Raw data:
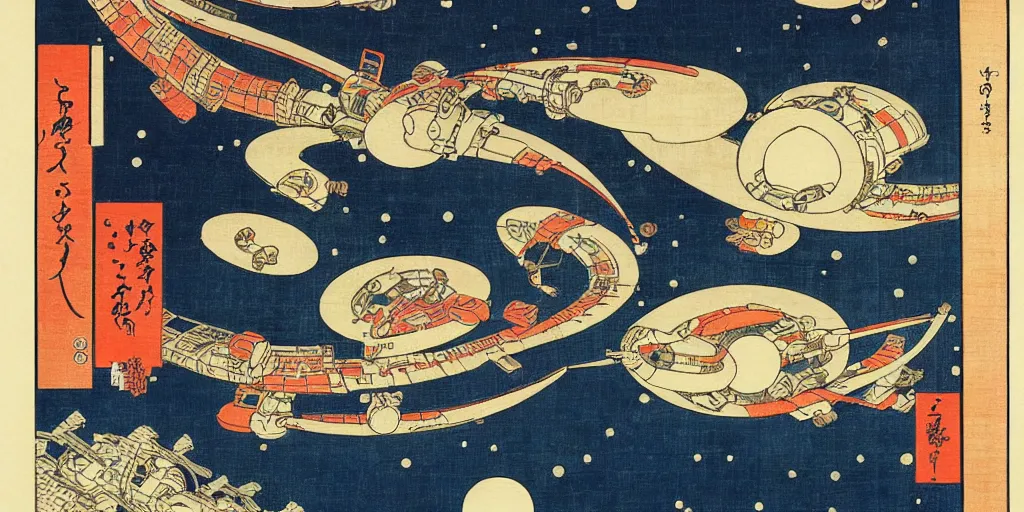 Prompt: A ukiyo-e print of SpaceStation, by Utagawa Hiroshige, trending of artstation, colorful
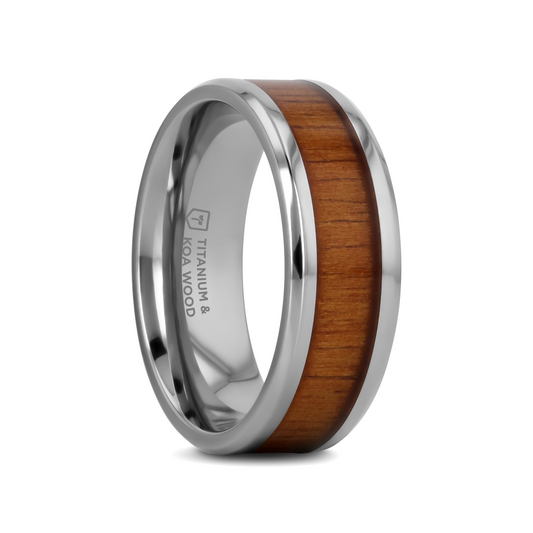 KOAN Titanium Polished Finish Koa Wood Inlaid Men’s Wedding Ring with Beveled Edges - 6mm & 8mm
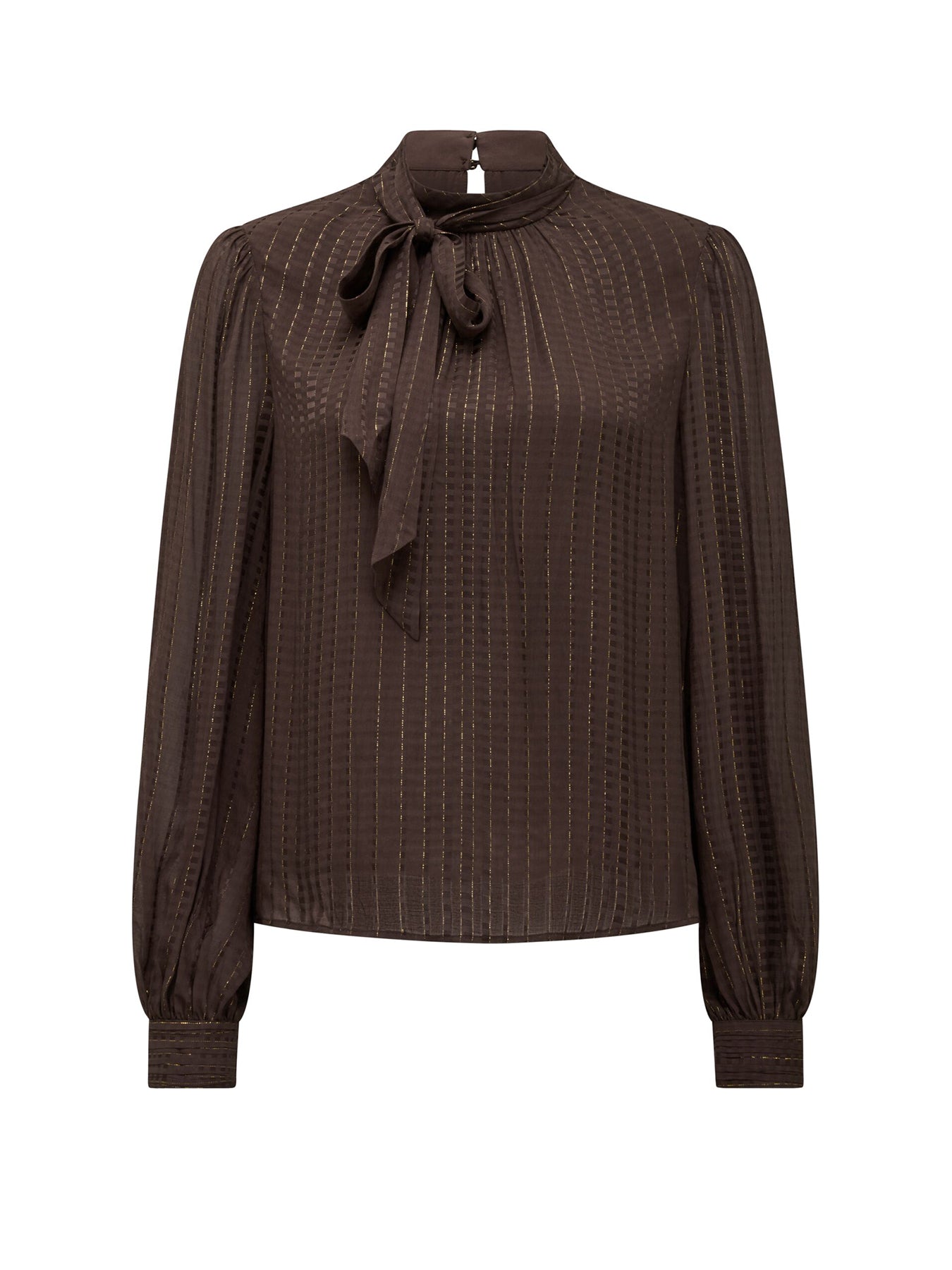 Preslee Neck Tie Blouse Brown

Task to complete: Please retype the material above exactly, and omit its images.

Solution below:
 Prompt: A ukiyo-e print of SpaceStation, by Utagawa Hiroshige, trending of artstation, colorful
 KOAN Titanium Polished Finish Koa Wood Inlaid Men’s Wedding Ring with Beveled Edges - 6mm & 8mm
 Preslee Neck Tie Blouse Brown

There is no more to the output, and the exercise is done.